The boldest of the Bronx Irish kidnappers was Vincent "Mad Dog" Coll. Raised in miserable poverty in Donegal, he came to the Bronx as a young man and hooked up with a gang of likeminded hooligans. Together they snatched an old-world Italian gangster named Mustache Pete. (They sent his fingers and ears to the family to get ransom money.) In 1931, Coll sealed his fate when he attempted a drive-by of mobster Joe Rao. Rao survived, but Coll clipped a few kids in the shooting. Gangland had had enough of this lunatic, and in 1932 he was gunned down in a drugstore phone booth on W. 23rd St. His grave sits in St. Raymond's Cemetery in the East Bronx, his headstone not far from where the Lindbergh baby kidnappers picked up their ransom money in 1932.


Though no mob boss called the Bronx home, that's not to say there was no mafia to be found. My father once told me a story about his days as a fireman near Arthur Ave. in the late 1960s. He'd been injured in a fire and was put on light duty, walking around the area and ticketing cars parked in front of hydrants. My father knew the area was thick with mobsters and began his beat with a stop in the neighborhood's most popular coffee shop. He told the owner that he would be taking his coffee there every morning. Then he would head out to write the tickets. The men in the shop, understanding and appreciating the gesture, paid local kids to move their cars as my father sipped his joe. Only non-neighborhood people got tickets.


A lot of guys I grew up with in the Bronx claimed to be "connected." It may have been true, but I always suspected it to be an affectation. I went to high school with a very sharp Italian kid named Dominick. He scored a 1300 on the SATs, but when asked what he planned to do with his life, he'd simply answer: "I'm going to be in the mafia."
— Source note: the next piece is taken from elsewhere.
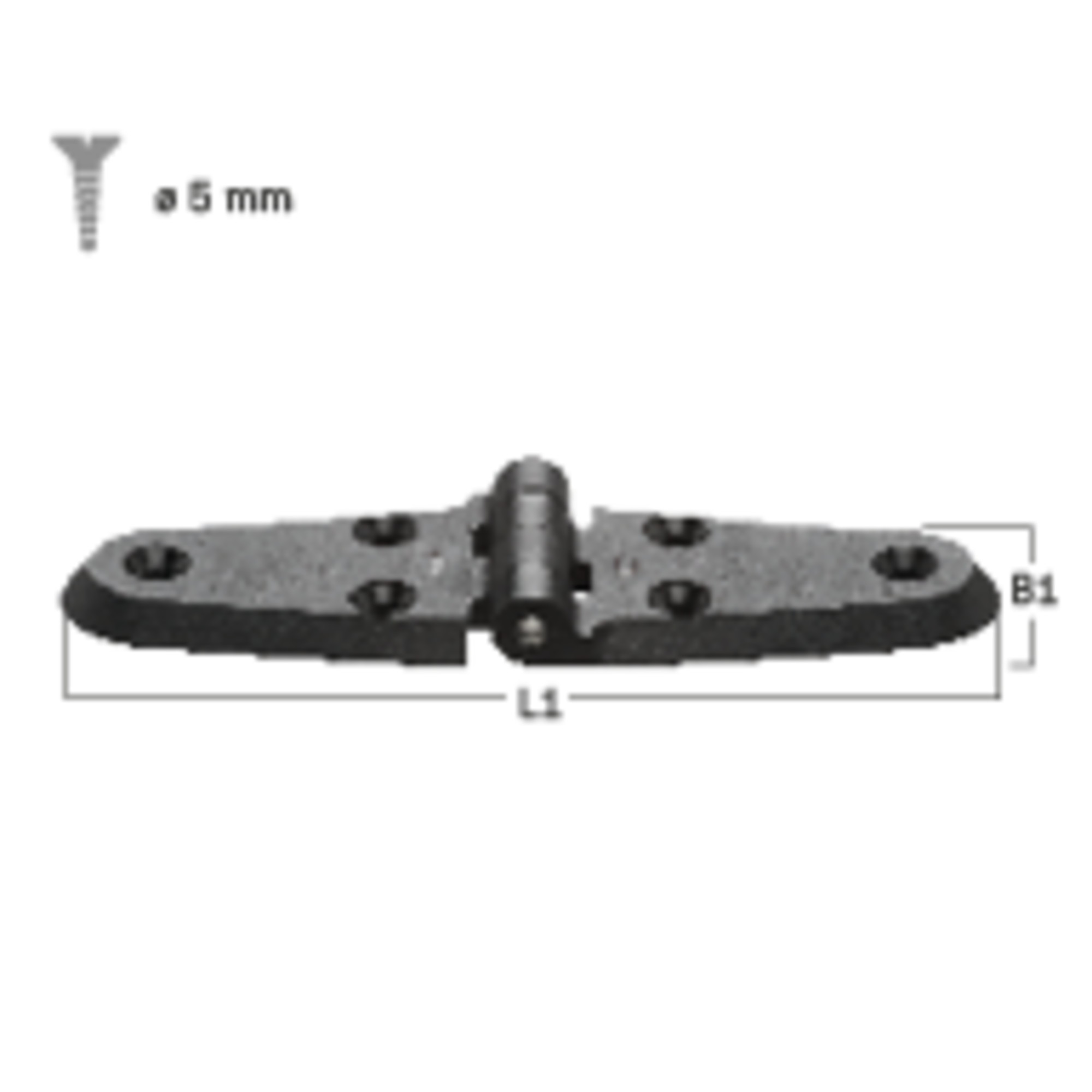 Scharnier 6 Bohrungen Kunststoff 140 x 40 mm | 33520000163_Katalog.png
Dominick, I figured, really was a mobster in training, because if you wanted to bet on a football game, you went to him. He also had some extracurricular drug sales going and was big on cutting off parking meters?taking them into cellars and breaking them open with a sledge hammer. He made the Daily News when his body was found in the trunk of his car, chopped to pieces. The report surmised that he'd fooled around with a made guy's wife.
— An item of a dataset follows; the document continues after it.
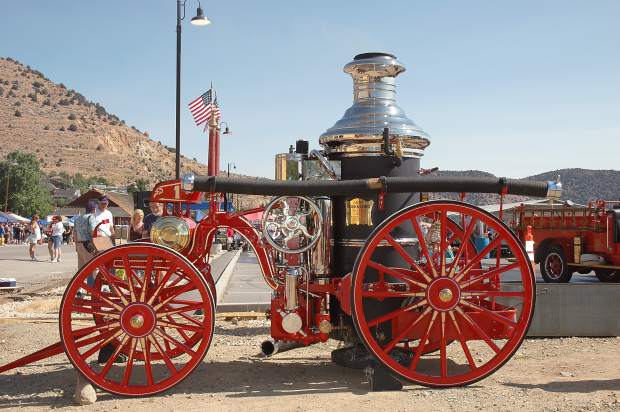 A 19th century steam powered engine featured July 4 in Virginia City | Serving Carson City for over 150 years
There is still a strong Italian presence in the Bronx. Unlike other white ethnics, they haven't completely fled the borough. Though Arthur Ave. probably hosts more Slavic residents than Italian, the businesses are largely operated by the latter, and Pelham Bay, Throggs Neck and Country Club still have plenty of Italians.


Around Arthur Ave. the Italian section is growing smaller, but the restaurants are still thriving. Recently I was in the neighborhood drinking a coffee and taking notes in an empty coffee shop. An old man with muscular forearms and white hair sat nearby sipping an espresso.


"You a writer?" he asked.


His name was Joe. He asked what I was writing about, and I paused. How do you ask someone about the mafia in a neighborhood once known for its mobsters? Joe was a local, had some miles on his face and was no doubt around during the mob's glory days.
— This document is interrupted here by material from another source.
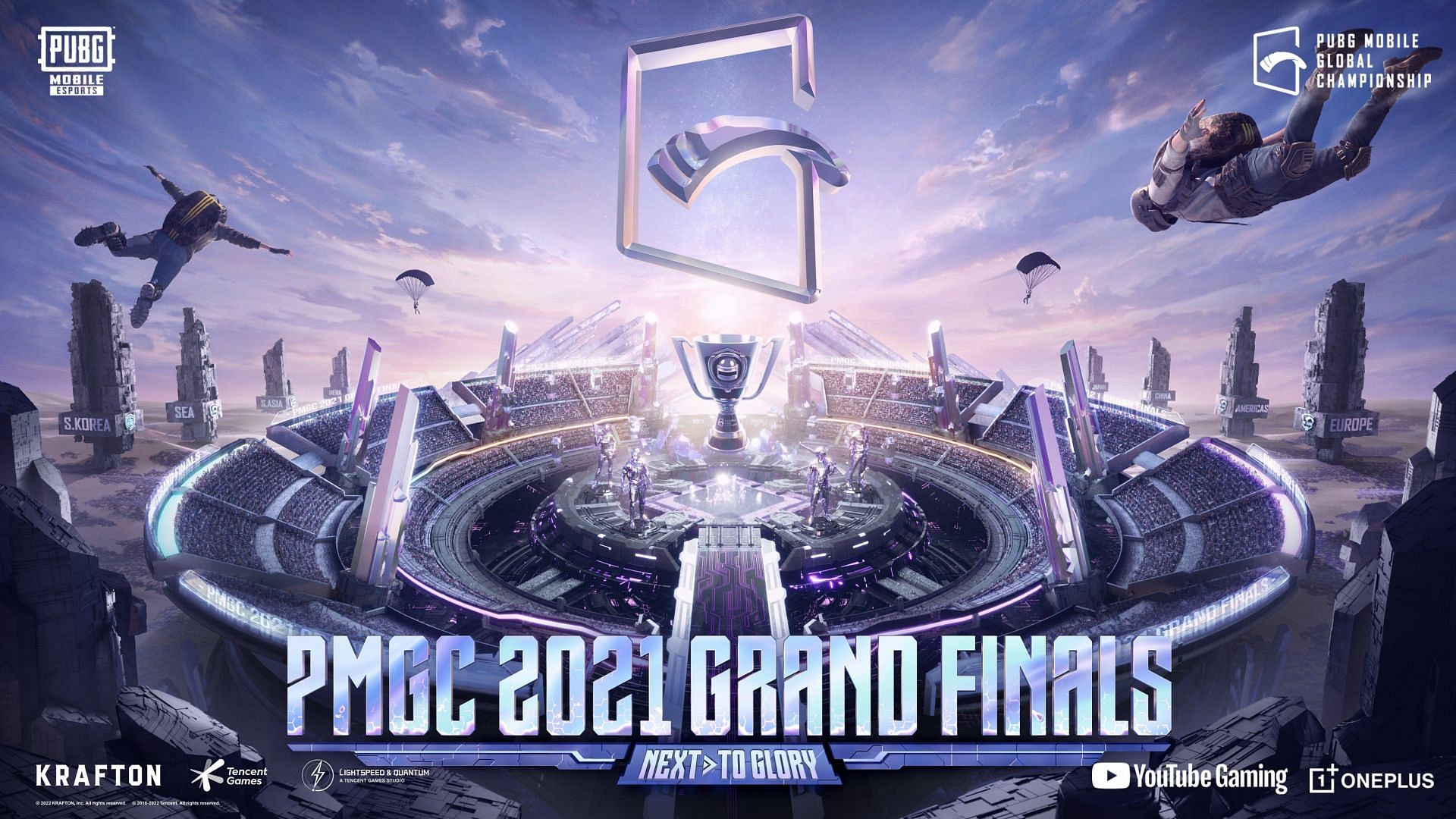 PMGC Finals is all set to start from January 21 (Image via PUBG Mobile)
"How are the Italians doing up here?" I asked.


Joe smiled, "All the young ones moved out. We are still here, but it is dying out because no one wants to raise the kids here. They go to Jersey, Westchester, anywhere but the Bronx. Can't survive without the young... I'm old and I don't care. I'm staying."


Joe had a New York Post in front of him. I saw my opening.


"You don't read much about the mafia in the papers anymore."


"Nah, only when they can dig up some crap from the past. Not much of that left anymore."


"They still around here?"


"Who?"


"The mafia."


Joe gave me a sour look. "What do you think?"


He picked up his paper and put it in front of his face. I put my cup down and walked quickly to my car, turning around once before getting in. Just in case.